O, al menos, todo eso es lo que creo recordar.

Fútbol en acción, Créditos de apertura, 1982.

«La vida es así (la vida es así)
Llena de encantos y de emoción
Es un bosque, un río, lluvia viento y sol
Es el vuelo de una paloma
Es el el canto de un ruiseñor
Una flor que se abre en el centro de tu corazón»

Habiendo estudiado no una, sino dos carreras de letras, todavía hoy no logro explicarme por qué siempre me gustó mucho más Érase una vez la vida, una de las muchas coproducciones internacionales en las que participó Televisión Española, que su predecesora, enfocada en mostrar los avances de la humanidad a lo largo de su historia.

Quizá esa mayor querencia por esta serie se debe a la peculiar forma con la que mostraba «la fabulosa historia del cuerpo humano», convirtiéndolo en una suerte de ecosistema que imitaba a una sociedad en la que cada uno de los personajes que ya conocíamos por las series anteriores desempeñaba una función determinada y eso me resultaba fascinante.

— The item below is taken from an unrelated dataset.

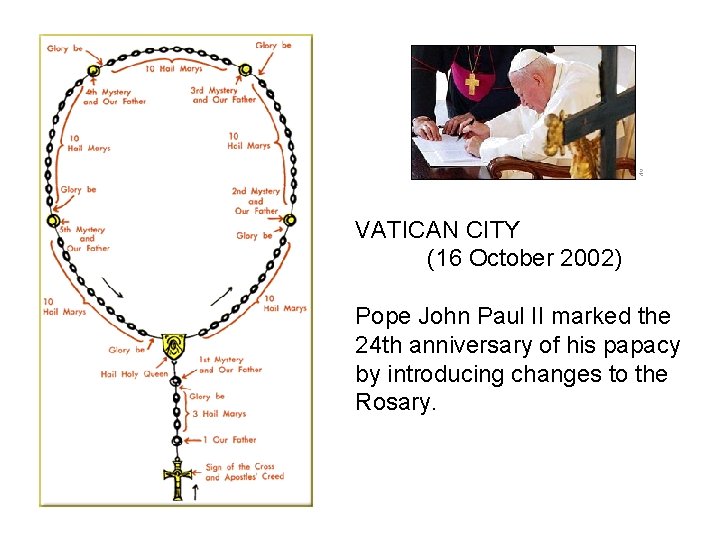 VATICAN CITY (16 October 2002) Pope John Paul II marked the 24 th anniversary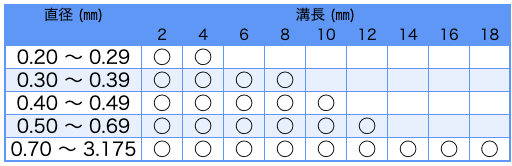 プリント基板用ドリル規格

O, quizá, porque la repitieron tantas veces que uno, como si se tratase de Verano azul, acabó cogiéndole cariño.

Porque de lo que casi estoy seguro es que no fue a causa de los chicles Dubble Bubble y su álbum de cromos, ya que, como me ocurriera con el de La almibarada aldea del Arce, nunca lo pude terminar.

También estoy casi seguro de que los linfocitos B que aparecían en esta serie, junto a sus futuristas naves espaciales, sirvieron de inspiración a los creativos que desarrollaron las primeras campañas del Equipo Actimel para Danone. Pero, parafraseando una vez más a Michael Ende, esa es otra historia y debe ser contada en otra ocasión.

Érase una vez la vida, Créditos de apertura, 1986.

Llamándose Pierre Nodoyuna está más que claro que el protagonista de esta disparatada serie inspirada en la película La carrera del siglo no iba a lograr alzarse con la victoria, a pesar de sabotear de todas las formas inimaginables los vehículos de sus competidores junto a su perro Patán. Igual que el pobre —es un decir— Coyote, Nodoyuna emplea toda clase de tácticas para intentar echar de la carrera a sus perseguidores, consiguiendo únicamente quedar él fuera de combate, cuando lo más probable es que hubiese ganado sin necesidad de recurrir a ningún tipo de ardid.

Gracias a eso, personajes como Penélope Glamour, Luke el granjero y el Oso Miedoso o el Barón Hans Fritz, junto a míticos vehículos como el El Súper Chatarra Special, el Alambique Veloz, el Troncoswagen o el propio Súper Ferrari Especial de Nodoyuna forman desde hace años parte de nuestra memoria colectiva. Y a mucha honra.

Los autos locos, Créditos de apertura, 1968-1970.

Posiblemente, comenzar cada capítulo de una serie de dibujos animados con una especie de clase de Historia medieval de Castilla —y siempre la misma historia—, no es la mejor idea para atraer y enganchar al público infantil a ese producto audiovisual. Y, sin embargo, tengo que reconocer que esa repetitiva introducción histórica es una de las dos únicas cosas que recuerdo claramente de Ruy, el pequeño Cid, una serie que pretendía acercarnos a la supuesta infancia del futuro héroe castellano y que se me antoja emitida a mediodía, en una época en la que los colegios aún tenían horario de mañana y tarde y, entre uno y otro, nos marchábamos a casa a comer.

Paradójicamente, el otro recuerdo nítido que guardo de esta serie no trata sobre ningún sucedido de la presunta infancia de Rodrigo Díaz de Vivar —si su nombre era Rodrigo, ¿por qué demonios lo llamaban Ruy?—, a la postre objeto de la serie, sino la canción que amenizaba sus créditos finales. Principio y fin, pero nada en medio. Pues igual resulta que la infancia del pequeño Cid tampoco era tan interesante.

Eso sí, como ya advertí hace unos años, vuelvo a dejar claro que no. Que yo recuerde, de pequeño nadie me llamaba así.

Ruy, el pequeño Cid, Créditos de apertura, 1980.